++++ DATA PROVIDED ++++

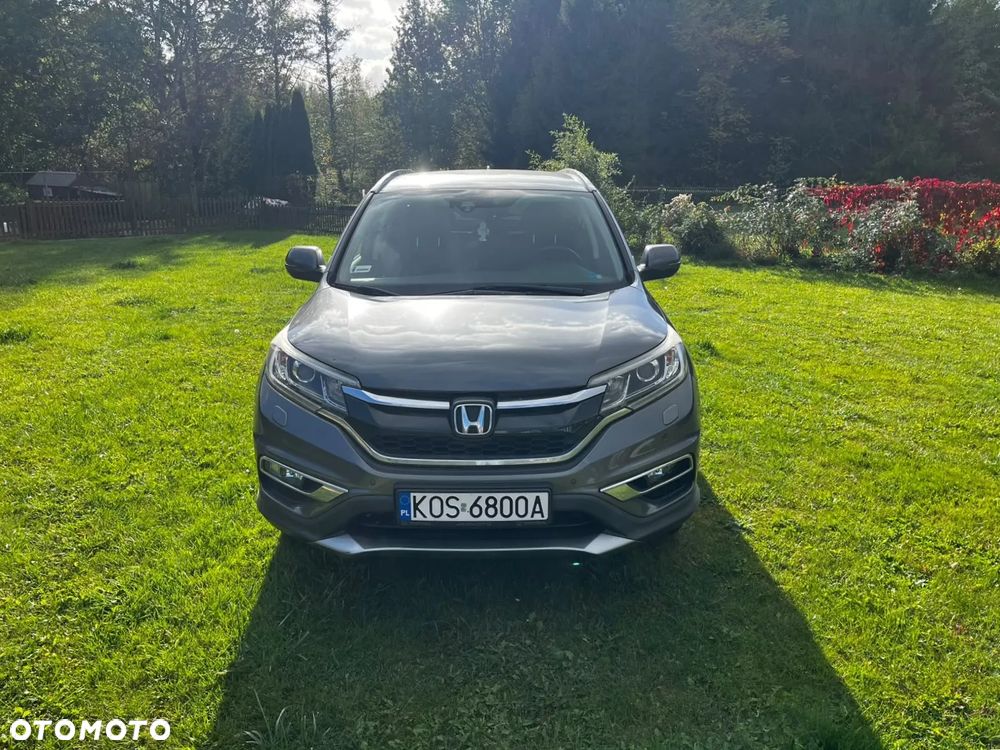 Honda CR-V 1.6i-DTEC Elegance Plus (Honda Connect+) - 15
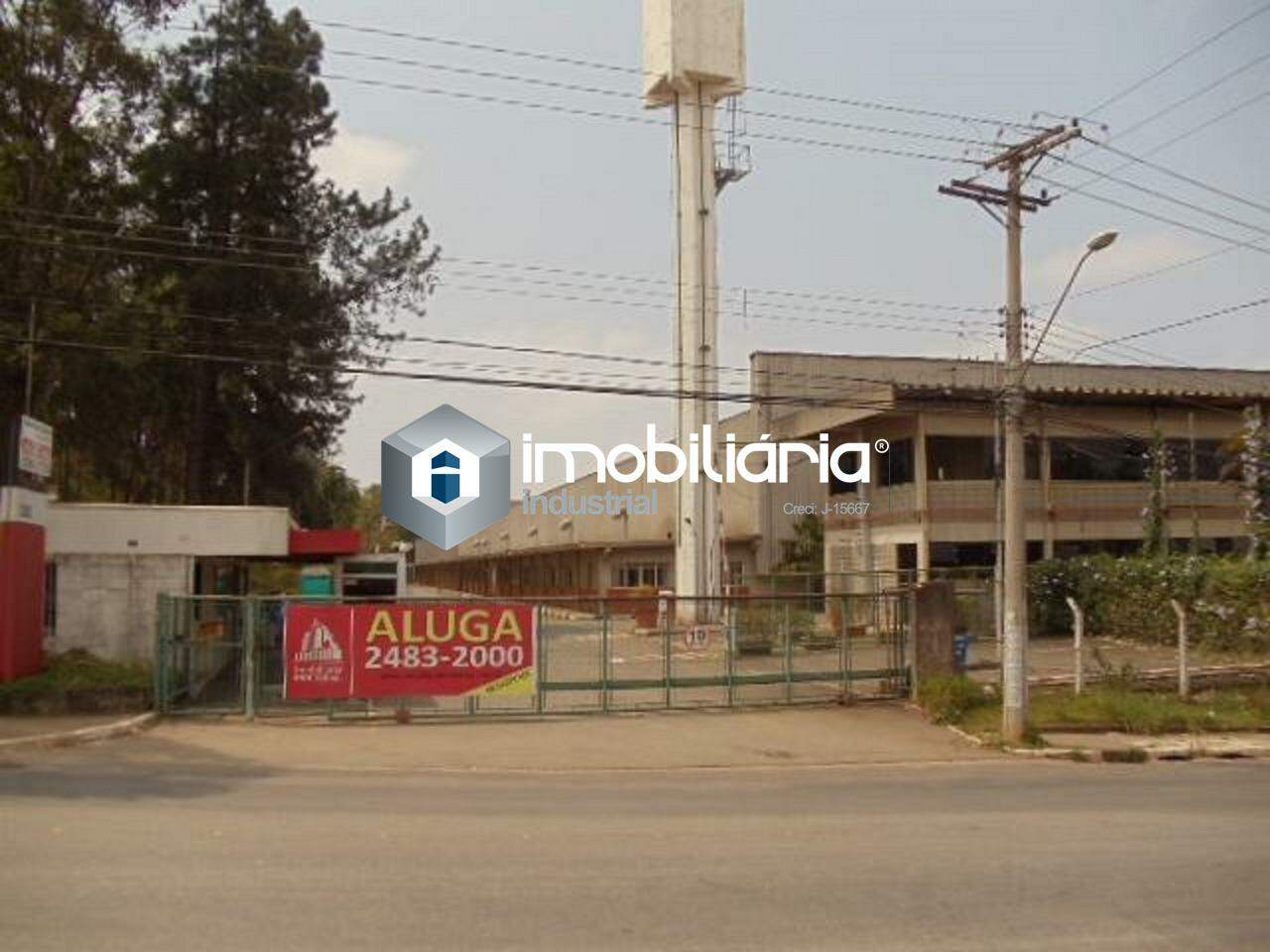 Galpão para aluguel no Vila Nova Bonsucesso:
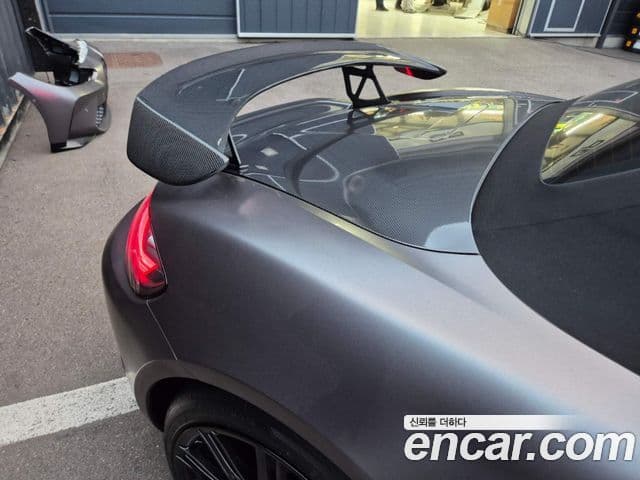 Porsche 718 Boxster, 2017 4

++++

▸ **WHAT TO WORK ON**
Repeat the data in full and exactly. Omit pictures.

▸ **SOLUTION TO THIS TASK**
 Honda CR-V 1.6i-DTEC Elegance Plus (Honda Connect+) - 15
 Galpão para aluguel no Vila Nova Bonsucesso:
 Porsche 718 Boxster, 2017 4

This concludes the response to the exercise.